> _Assigned task_: Working through the entries below, find how many lines include "Helix", then write only that number.

═════ Data for the task

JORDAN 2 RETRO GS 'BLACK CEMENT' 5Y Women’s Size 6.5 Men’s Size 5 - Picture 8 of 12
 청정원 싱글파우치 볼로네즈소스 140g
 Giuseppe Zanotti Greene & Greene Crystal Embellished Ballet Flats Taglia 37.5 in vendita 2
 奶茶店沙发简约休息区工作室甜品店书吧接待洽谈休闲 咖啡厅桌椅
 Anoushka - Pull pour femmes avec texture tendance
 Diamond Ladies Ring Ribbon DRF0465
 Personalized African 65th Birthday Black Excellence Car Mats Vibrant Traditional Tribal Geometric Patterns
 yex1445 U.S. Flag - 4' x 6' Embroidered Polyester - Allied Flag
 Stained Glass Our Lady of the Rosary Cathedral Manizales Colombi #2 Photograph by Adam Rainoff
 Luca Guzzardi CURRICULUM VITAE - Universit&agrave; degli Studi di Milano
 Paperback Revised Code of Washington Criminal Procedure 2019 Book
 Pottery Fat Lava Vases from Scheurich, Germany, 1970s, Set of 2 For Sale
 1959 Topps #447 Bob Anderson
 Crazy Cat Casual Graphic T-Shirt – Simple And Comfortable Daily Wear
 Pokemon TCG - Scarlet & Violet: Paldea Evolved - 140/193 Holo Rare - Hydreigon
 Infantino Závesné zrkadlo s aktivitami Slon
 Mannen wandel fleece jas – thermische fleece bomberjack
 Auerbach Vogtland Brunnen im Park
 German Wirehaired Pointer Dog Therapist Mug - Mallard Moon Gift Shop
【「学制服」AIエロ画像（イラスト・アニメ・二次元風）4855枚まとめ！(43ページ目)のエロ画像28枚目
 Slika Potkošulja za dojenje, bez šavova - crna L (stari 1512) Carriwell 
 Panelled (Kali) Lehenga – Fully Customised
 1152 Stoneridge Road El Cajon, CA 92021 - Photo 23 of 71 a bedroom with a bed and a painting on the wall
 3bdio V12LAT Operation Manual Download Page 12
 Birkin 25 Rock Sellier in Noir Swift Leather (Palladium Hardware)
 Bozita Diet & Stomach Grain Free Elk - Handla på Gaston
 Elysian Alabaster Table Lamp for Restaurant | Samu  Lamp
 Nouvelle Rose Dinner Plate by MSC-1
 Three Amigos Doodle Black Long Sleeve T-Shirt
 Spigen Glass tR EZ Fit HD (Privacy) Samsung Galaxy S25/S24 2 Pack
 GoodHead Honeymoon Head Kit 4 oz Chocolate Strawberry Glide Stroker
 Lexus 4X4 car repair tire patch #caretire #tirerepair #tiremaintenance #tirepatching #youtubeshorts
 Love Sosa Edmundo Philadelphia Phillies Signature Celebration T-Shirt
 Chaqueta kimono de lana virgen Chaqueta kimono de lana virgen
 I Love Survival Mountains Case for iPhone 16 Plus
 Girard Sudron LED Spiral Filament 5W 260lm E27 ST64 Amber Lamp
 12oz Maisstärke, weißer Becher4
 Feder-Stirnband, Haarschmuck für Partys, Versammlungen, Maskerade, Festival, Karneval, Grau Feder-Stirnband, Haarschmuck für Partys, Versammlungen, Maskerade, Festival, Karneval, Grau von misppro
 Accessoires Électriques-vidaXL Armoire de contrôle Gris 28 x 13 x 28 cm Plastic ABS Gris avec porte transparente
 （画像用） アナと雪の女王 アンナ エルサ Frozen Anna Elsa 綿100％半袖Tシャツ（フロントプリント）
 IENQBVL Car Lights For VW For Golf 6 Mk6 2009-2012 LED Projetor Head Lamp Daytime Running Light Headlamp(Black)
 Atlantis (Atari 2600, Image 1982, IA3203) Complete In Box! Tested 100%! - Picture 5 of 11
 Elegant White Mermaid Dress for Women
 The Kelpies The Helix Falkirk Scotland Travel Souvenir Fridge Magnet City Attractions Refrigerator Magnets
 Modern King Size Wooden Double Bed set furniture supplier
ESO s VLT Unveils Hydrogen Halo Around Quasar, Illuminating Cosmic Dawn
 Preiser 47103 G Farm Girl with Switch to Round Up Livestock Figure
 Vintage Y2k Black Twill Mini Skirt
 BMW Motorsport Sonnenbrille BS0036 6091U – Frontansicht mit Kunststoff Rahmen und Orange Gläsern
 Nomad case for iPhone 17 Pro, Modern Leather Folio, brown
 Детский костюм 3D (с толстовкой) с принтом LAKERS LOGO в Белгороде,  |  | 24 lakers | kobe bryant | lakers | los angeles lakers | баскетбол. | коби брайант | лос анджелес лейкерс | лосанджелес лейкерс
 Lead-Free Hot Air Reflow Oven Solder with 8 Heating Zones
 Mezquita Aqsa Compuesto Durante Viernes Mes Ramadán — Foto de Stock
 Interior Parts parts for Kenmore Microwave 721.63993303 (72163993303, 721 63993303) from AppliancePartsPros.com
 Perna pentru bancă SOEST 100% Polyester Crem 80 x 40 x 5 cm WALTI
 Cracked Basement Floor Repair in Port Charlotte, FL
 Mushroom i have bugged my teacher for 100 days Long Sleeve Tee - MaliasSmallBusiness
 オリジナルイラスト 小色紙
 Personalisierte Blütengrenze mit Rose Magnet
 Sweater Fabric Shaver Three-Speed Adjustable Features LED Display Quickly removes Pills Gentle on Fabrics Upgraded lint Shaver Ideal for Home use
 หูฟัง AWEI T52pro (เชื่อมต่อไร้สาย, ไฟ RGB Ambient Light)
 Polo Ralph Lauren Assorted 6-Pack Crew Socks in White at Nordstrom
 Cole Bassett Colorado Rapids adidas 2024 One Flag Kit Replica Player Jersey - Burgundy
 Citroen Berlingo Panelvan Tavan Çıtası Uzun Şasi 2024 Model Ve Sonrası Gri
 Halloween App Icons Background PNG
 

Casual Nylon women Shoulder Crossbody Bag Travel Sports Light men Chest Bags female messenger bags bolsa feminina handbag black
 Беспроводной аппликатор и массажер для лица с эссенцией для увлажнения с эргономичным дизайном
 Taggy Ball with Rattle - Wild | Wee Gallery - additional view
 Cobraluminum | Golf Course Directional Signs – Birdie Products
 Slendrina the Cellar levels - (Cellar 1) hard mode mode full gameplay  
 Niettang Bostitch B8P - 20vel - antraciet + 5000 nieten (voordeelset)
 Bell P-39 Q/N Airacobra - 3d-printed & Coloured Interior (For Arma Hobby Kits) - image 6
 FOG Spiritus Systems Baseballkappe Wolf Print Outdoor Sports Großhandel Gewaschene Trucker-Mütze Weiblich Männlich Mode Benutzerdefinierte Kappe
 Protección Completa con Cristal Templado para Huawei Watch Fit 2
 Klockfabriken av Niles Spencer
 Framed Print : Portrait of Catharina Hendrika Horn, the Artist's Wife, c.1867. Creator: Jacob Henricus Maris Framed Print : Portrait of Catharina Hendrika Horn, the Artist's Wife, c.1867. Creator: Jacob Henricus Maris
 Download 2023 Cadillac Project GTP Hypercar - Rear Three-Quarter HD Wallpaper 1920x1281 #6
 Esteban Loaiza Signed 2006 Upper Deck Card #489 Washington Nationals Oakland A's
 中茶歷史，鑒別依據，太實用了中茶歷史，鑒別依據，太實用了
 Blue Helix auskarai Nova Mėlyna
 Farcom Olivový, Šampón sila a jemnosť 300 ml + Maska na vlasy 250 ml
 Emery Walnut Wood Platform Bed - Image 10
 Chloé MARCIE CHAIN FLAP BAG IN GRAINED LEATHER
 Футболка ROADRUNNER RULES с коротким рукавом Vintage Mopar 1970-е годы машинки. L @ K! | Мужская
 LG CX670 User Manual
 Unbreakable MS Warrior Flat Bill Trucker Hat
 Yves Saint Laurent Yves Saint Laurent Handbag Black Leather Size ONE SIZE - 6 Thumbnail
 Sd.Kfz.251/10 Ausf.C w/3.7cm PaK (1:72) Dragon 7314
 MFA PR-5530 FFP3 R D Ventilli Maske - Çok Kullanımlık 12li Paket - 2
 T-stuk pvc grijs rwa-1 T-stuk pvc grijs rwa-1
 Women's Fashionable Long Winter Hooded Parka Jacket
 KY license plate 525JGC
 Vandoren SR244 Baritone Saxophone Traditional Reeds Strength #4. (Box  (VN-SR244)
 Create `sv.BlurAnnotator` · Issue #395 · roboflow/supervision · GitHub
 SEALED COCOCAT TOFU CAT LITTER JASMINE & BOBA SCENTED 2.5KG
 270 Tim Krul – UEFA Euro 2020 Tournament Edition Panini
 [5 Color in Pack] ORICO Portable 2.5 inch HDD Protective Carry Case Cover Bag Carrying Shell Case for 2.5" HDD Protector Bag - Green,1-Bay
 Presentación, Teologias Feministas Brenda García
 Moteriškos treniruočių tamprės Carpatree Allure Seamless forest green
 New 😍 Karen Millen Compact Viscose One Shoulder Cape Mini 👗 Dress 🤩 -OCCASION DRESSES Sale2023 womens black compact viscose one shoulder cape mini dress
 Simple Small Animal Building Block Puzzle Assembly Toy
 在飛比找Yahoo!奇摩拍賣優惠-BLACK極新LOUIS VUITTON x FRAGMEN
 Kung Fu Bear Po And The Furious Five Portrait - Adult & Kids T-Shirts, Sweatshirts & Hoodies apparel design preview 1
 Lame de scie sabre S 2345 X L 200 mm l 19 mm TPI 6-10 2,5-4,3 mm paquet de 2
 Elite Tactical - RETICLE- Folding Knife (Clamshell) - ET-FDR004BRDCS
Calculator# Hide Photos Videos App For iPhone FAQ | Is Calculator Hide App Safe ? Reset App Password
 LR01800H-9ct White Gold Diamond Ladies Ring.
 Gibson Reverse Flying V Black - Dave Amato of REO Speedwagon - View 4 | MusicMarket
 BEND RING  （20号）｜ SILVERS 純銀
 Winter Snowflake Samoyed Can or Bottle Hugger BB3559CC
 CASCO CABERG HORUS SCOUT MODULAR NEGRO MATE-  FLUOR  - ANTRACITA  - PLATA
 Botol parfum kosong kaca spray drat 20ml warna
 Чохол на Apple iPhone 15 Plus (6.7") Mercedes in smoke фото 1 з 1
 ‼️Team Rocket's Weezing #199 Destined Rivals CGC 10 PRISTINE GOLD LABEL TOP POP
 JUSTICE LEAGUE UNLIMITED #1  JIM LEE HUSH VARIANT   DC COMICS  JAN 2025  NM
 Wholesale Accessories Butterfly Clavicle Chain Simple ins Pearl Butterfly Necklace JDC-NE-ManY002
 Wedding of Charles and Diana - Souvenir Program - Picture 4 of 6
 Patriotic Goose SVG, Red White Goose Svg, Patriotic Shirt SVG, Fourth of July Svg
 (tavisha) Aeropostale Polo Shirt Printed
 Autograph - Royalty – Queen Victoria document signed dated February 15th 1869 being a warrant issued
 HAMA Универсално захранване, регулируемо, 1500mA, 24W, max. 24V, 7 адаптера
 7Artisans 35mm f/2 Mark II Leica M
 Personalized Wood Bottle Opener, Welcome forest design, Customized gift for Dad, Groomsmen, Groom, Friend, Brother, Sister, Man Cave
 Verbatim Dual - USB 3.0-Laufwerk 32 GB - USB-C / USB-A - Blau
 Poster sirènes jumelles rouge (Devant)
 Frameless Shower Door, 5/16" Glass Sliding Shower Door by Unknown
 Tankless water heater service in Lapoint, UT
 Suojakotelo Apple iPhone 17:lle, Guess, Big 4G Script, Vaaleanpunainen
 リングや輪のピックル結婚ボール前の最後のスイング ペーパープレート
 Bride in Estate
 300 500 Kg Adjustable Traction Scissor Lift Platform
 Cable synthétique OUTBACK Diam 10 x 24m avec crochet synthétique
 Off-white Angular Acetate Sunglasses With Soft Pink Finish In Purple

══════════

> _Response area_: 2